自動運転技術の開発を手がける中国のスタートアップ企業、小馬智行(ポニー・エーアイ)は8月4日、トヨタ自動車と合弁会社を設立し、「ロボタクシー」と呼ばれる自動運転タクシーを量産する計画を発表した。
合弁会社には小馬智行とトヨタの中国での100%子会社であるトヨタ自動車中国投資、トヨタと中国の国有自動車大手、広州汽車集団との合弁である広汽トヨタの3社が出資する。2023年末までの設立を目指しており、総投資額は10億元(約198億円)を超える。3社は共同で自動運転関連サービスを顧客に提供するとしているが、具体的なサービス開始時期は公表していない。
計画では、広汽トヨタは自動運転タクシーとして用いるEV(電気自動車)の製造を担当。トヨタ中国は完全無人化自動運転システムを実現するための「冗長化システム」(安全確保に必要なバックアップ用システム)を供給、小馬智行は自動運転システムの供給と自動運転タクシーの運行プラットフォームの運営を担当する。量産する車両は自動運転レベル4(訳注、5段階のうち、いかなる状況でも無人の自動運転が可能な最高のレベル5に次ぐ、一定条件下で自動運転が可能な水準)を想定している。

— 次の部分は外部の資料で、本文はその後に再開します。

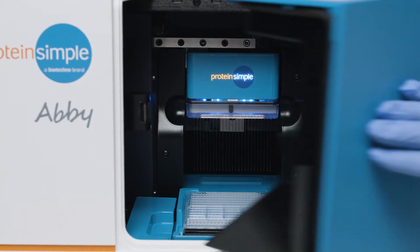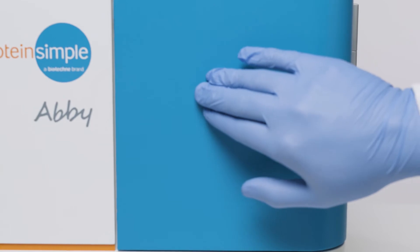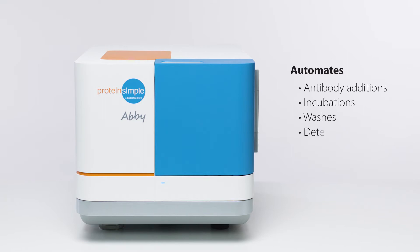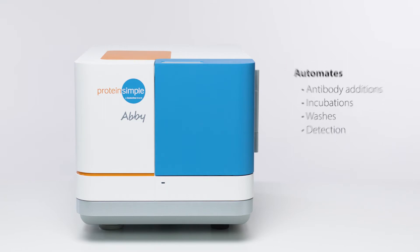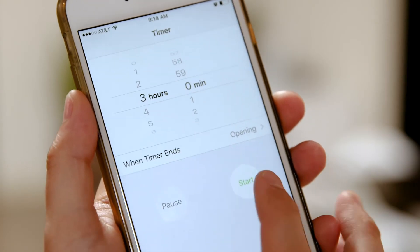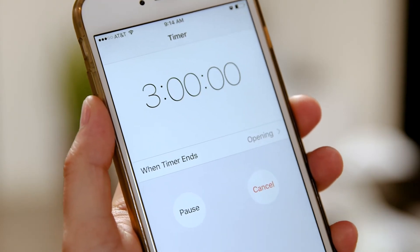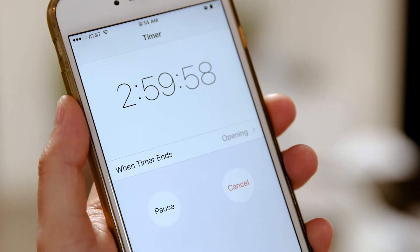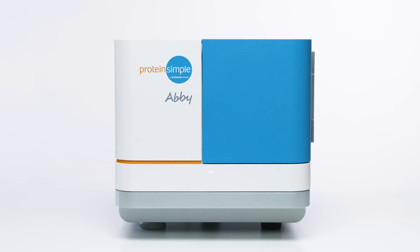She separates your protein by size and precisely manages antibody additions, incubations, washes, and even the detection steps. Come back to fully analyzed, quantitative results in three hours.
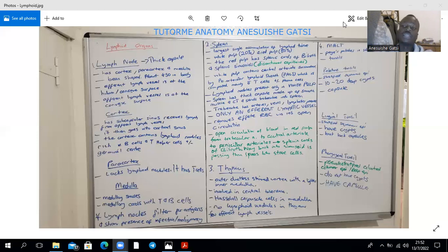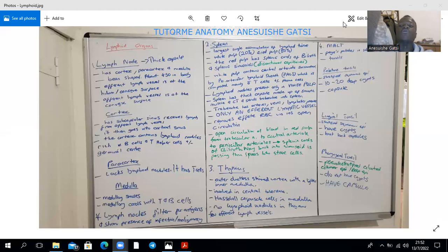In the medulla, there's negative selection, where we remove those that are able to bind self proteins. The medulla of the thymus is characterized by having Hassall's corpuscles. You don't find lymphoid nodules within the thymus, and there are no afferent lymphatic vessels entering the thymus, with few efferent lymph vessels.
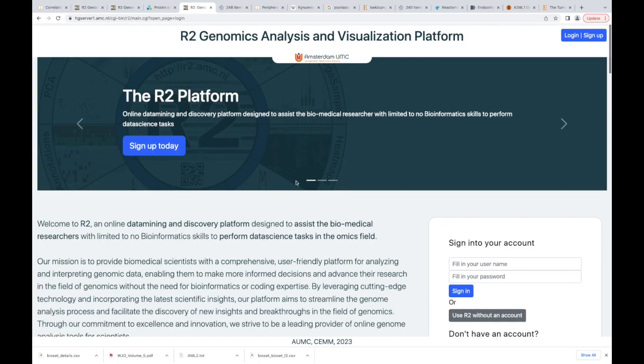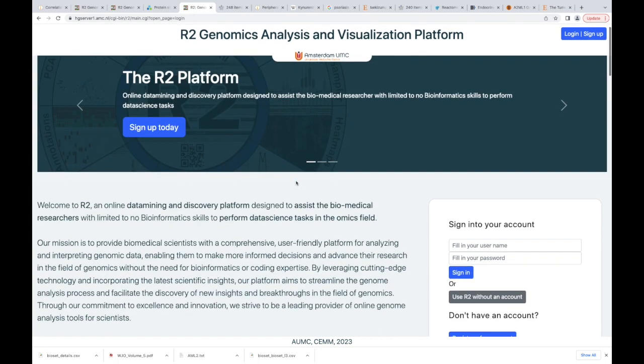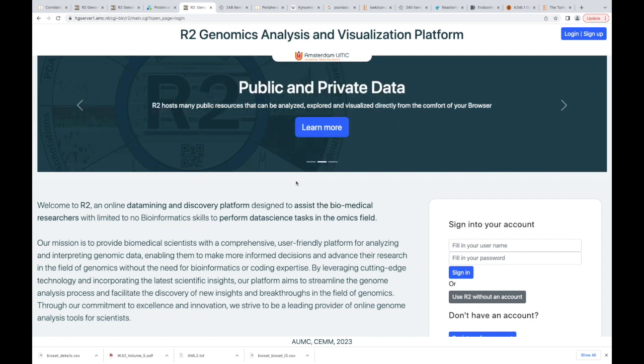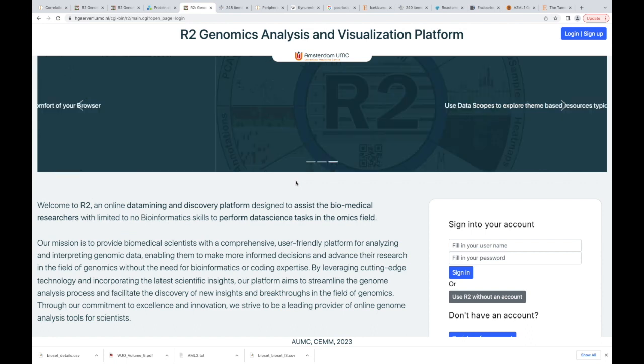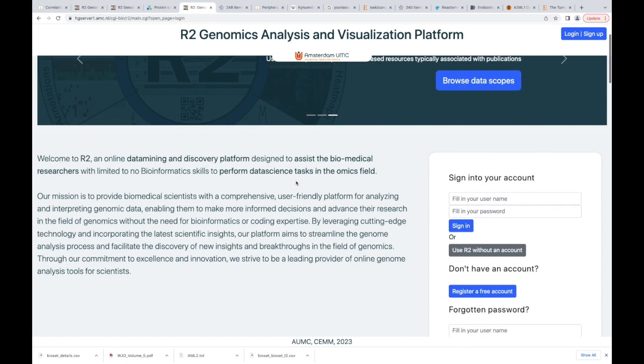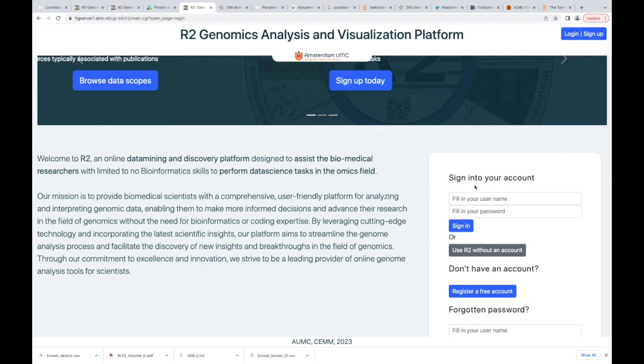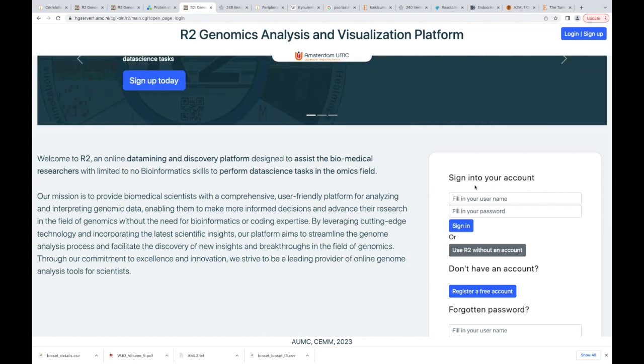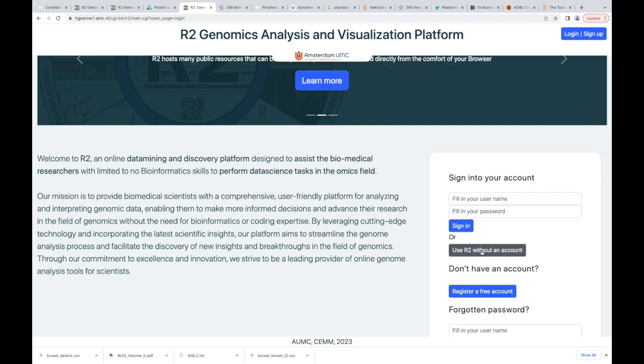So here's what we're going to do. I would recommend if you're going to use this a lot to get an account. Today, what we're going to do, we're just going to use it without an account. But in the future, what it allows you to do, if you get an account, you can save gene lists. There's also a lot of other functions that open up for you in this website. So let's use R2 without an account. So hit that button.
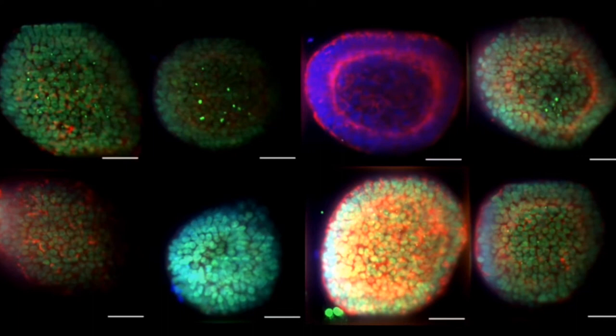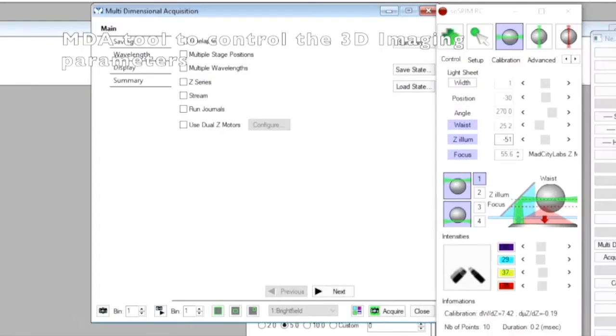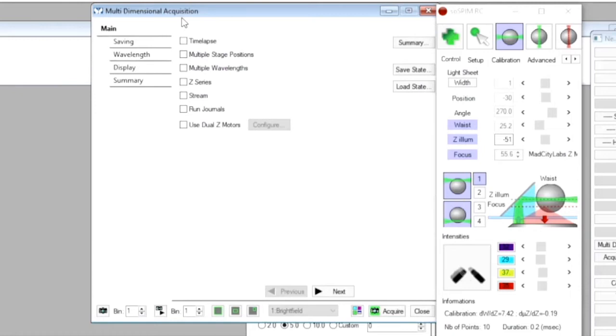Before imaging our spheroids live, I will show how we can easily perform a 3D multicolor acquisition on a single well. For that, we are going to image 200 to 300 micrometer wide cysts made of stem cells that have been fixed and labeled for DAPI, the differentiation marker SOX2, and the actin signal. Those cysts have been seeded into 400-micrometer wide G-wells the same way we seed cells to create our spheroids. To handle any multidimensional acquisition, we will now use the multidimensional acquisition tool of Metamorph.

現時点で運行している自動運転タクシーは、自動運転技術の開発企業が市販の量産車をメーカーから購入し、自動運転システムを後から搭載した、いわば特注品だ。
このため、コストが高すぎて商業用として大量使用する場合は採算が取れない。最初から自動運転システムを搭載した専用車両を自動車工場内で量産しコストを大幅に圧縮することが、自動運転タクシーを普及させるうえでの前提条件だ。
ネット配車大手の滴滴も量産計画
現在、複数の自動運転企業と自動車メーカーが自動運転タクシーの量産準備を進めている。2023年5月、広州汽車集団傘下でEV専業の広汽埃安新能源汽車(広汽アイオン)が、中国のネット配車サービス最大手の滴滴出行(ディディ)と資本提携に合意。
両社は合弁会社を設立し、自動運転タクシー用の量産モデルを開発する。量産モデルは2025年に滴滴のオンライン配車網に投入する方針だ。
トヨタと小馬智行は以前から提携関係にあり、2019年以降、両社は中国でレベル4の自動運転車の共同開発を手がけている。
現在、レクサスブランドの高級SUV「RX450h」とトヨタのミニバン「シエナ」を改装した自動運転タクシー約200台が北京市、広東省広州市、広東省深圳市、上海市でデモンストレーション運行あるいは公開路上試験用として投入されている。2020年には、小馬智行はトヨタから4億ドル(約569億円)に上る資金提供を受けている。